Greetings legal@,
I've been working on the behalf of the cloud WG to get Fedora images built for Google's new compute engine platform. As part of this work, Google has asked interested people (Red Hat employees or not) to join their 'trusted tester' program. Here's the program described by Google: 'As a Google Trusted Tester, you can be part of an exclusive group that helps improve our products by providing candid feedback and identifying problems before anyone else gets to use them.' This allows people working on the images to get access to more advanced features of GCE to upload and test them using features that might not yet be available. I have the full document if anyone is interested in seeing it (I'm weary of publishing the whole thing to this list), but the gist is that it's a confidentiality agreement and indemnification/limitation of liability document.
So...is it permissible to ask Fedora contributors to sign this document? I'm happy to provide any additional information or connect a representative of the legal team with contacts at Google.
-Sam
On Tue, Nov 19, 2013 at 05:16:54PM -0500, Sam Kottler wrote:
Greetings legal@,
I've been working on the behalf of the cloud WG to get Fedora images built for Google's new compute engine platform. As part of this work, Google has asked interested people (Red Hat employees or not) to join their 'trusted tester' program. Here's the program described by Google: 'As a Google Trusted Tester, you can be part of an exclusive group that helps improve our products by providing candid feedback and identifying problems before anyone else gets to use them.' This allows people working on the images to get access to more advanced features of GCE to upload and test them using features that might not yet be available. I have the full document if anyone is interested in seeing it (I'm weary of publishing the whole thing to this list), but the gist is that it's a confidentiality agreement and indemnification/limitation of liability document.
So...is it permissible to ask Fedora contributors to sign this document? I'm happy to provide any additional information or connect a representative of the legal team with contacts at Google.
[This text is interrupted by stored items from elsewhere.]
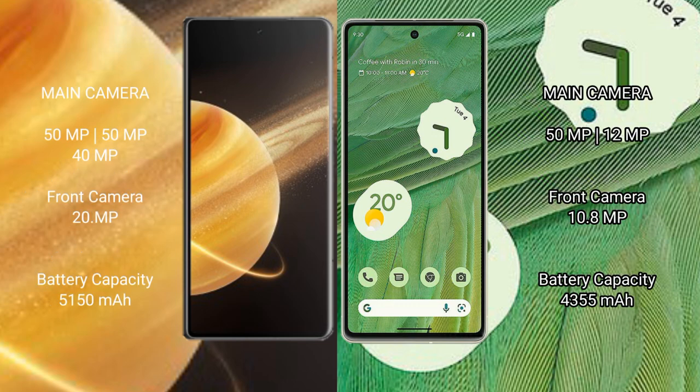Honor Magic V3 rear camera setup includes 50MP plus 50MP plus 40MP, with a 20MP front camera. Google Pixel 7 has a dual rear camera setup of 50MP plus 12MP, with a 10.8MP front camera. Honor Magic V3 has a 5150mAh battery with 66W fast charging support. Google Pixel 7 has a 4355mAh battery with 20W fast charging support.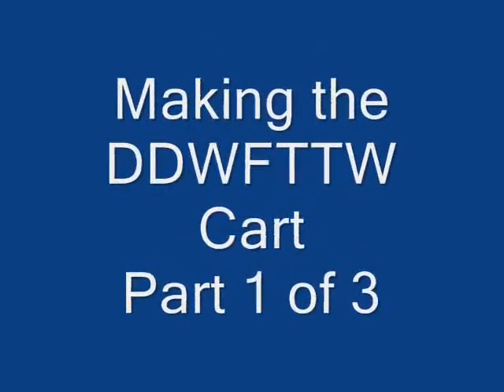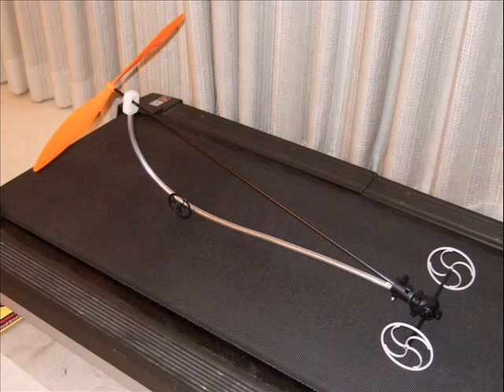This video takes us through the build process for the wind-powered cart that goes directly downwind faster than the wind.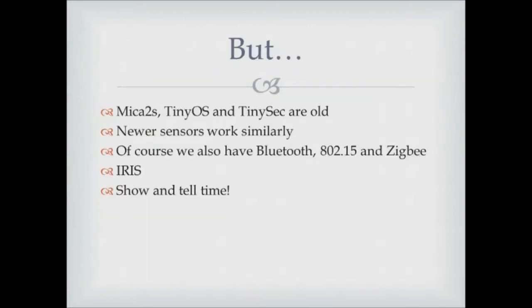Here's the caveat in all of this: MICA 2s, TinyOS, and TinySec are really old — we were just experimenting to see what we could do. But newer sensors work similarly. Today of course we have Bluetooth, 802.15.4, and Zigbee. The next step in our experimentation will be something called the Iris motes, which use a much more familiar Bluetooth-style interface at the lower levels. We expect them to be much more like the sensors and health monitoring devices we see today.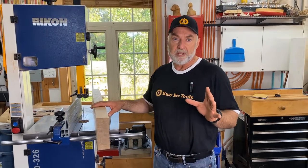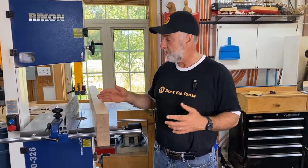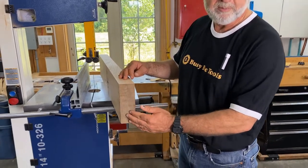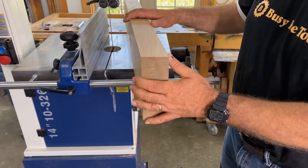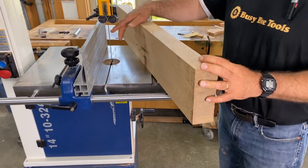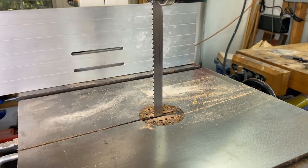Re-sawing is only possible with at least a medium-sized bandsaw, if not a large, powerful one. Because, as you could imagine, cutting all the way down through this much wood in one pass is going to take a lot of horsepower. You also need one fitted with a wide blade. Wide blades are for re-sawing — this one is 5/8 of an inch wide, and I think that's going to work just fine for us.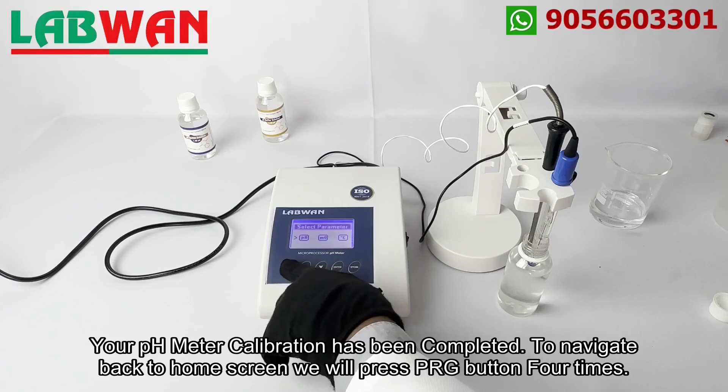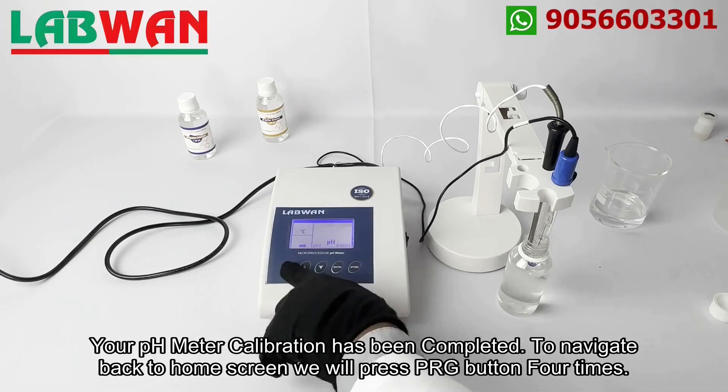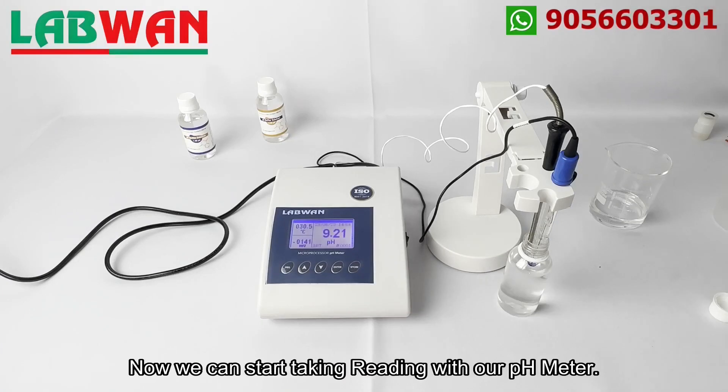Your pH meter calibration has been completed. To navigate back to the home screen we will press the PRG button 4 times. Now we can start taking readings with our pH meter.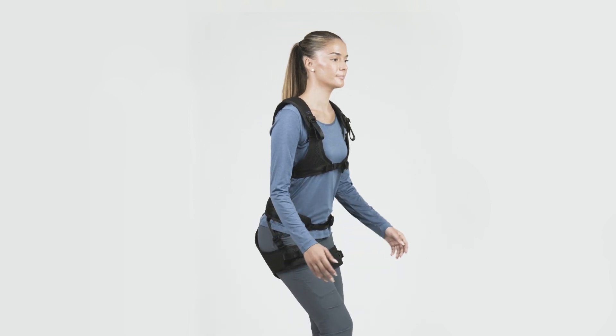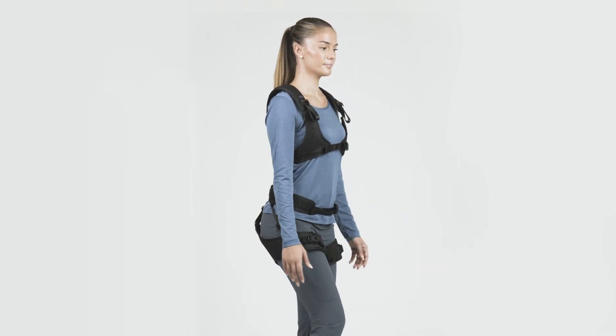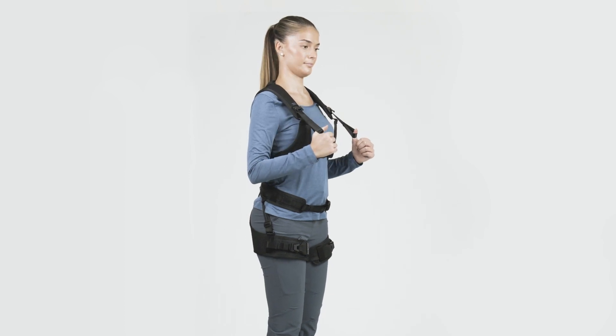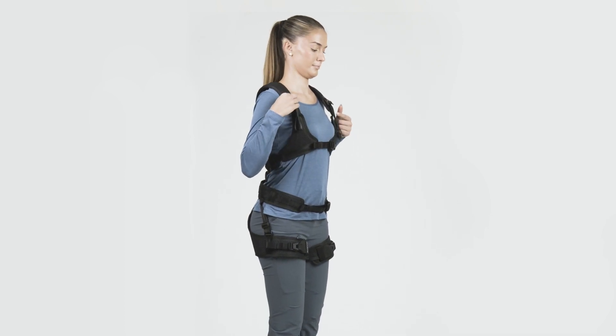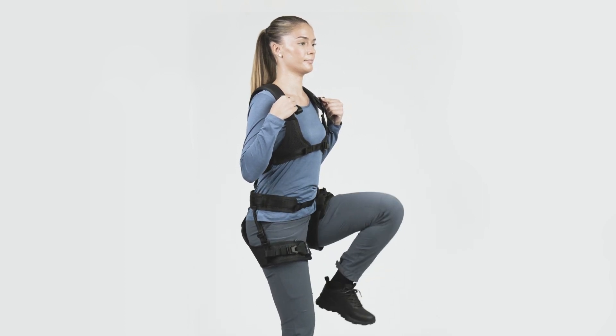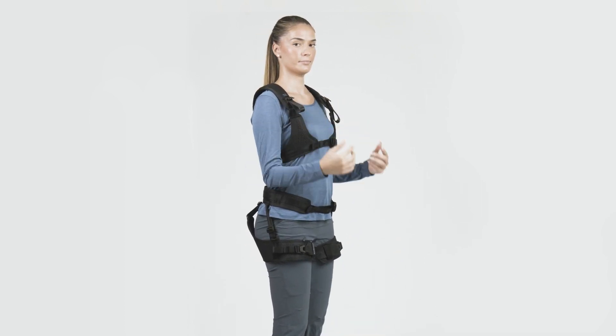When a task involves forward leaning or lifting movements, you can activate the LiftSuit back support. To activate the back support, pull the loops located at your collarbone. Deactivate the back support by lifting the buckles at the collarbone and raising your knees one after another.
For Red Hat employees this needs to go through internal legal review.
- Richard
----- Original Message -----
From: "Richard Fontana" rfontana@redhat.com To: "Sam Kottler" skottler@redhat.com Cc: legal@lists.fedoraproject.org Sent: Tuesday, November 19, 2013 5:22:23 PM Subject: Re: [Fedora-legal-list] Google compute engine + trusted testers
On Tue, Nov 19, 2013 at 05:16:54PM -0500, Sam Kottler wrote:
Greetings legal@,
I've been working on the behalf of the cloud WG to get Fedora images built for Google's new compute engine platform. As part of this work, Google has asked interested people (Red Hat employees or not) to join their 'trusted tester' program. Here's the program described by Google: 'As a Google Trusted Tester, you can be part of an exclusive group that helps improve our products by providing candid feedback and identifying problems before anyone else gets to use them.' This allows people working on the images to get access to more advanced features of GCE to upload and test them using features that might not yet be available. I have the full document if anyone is interested in seeing it (I'm weary of publishing the whole thing to this list), but the gist is that it's a confidentiality agreement and indemnification/limitation of liability document.
So...is it permissible to ask Fedora contributors to sign this document? I'm happy to provide any additional information or connect a representative of the legal team with contacts at Google.
For Red Hat employees this needs to go through internal legal review.
I assume that's true even if they're going to be working with GCE outside of their work duties as a Fedora contributor, not as a RH employee?
- Richard
On Tue, Nov 19, 2013 at 05:25:45PM -0500, Sam Kottler wrote:
For Red Hat employees this needs to go through internal legal review.
I assume that's true even if they're going to be working with GCE outside of their work duties as a Fedora contributor, not as a RH employee?
Yes. It's conceivable that the end result would be the employee having the discretion to sign the agreement as an individual, but hard to say without seeing it.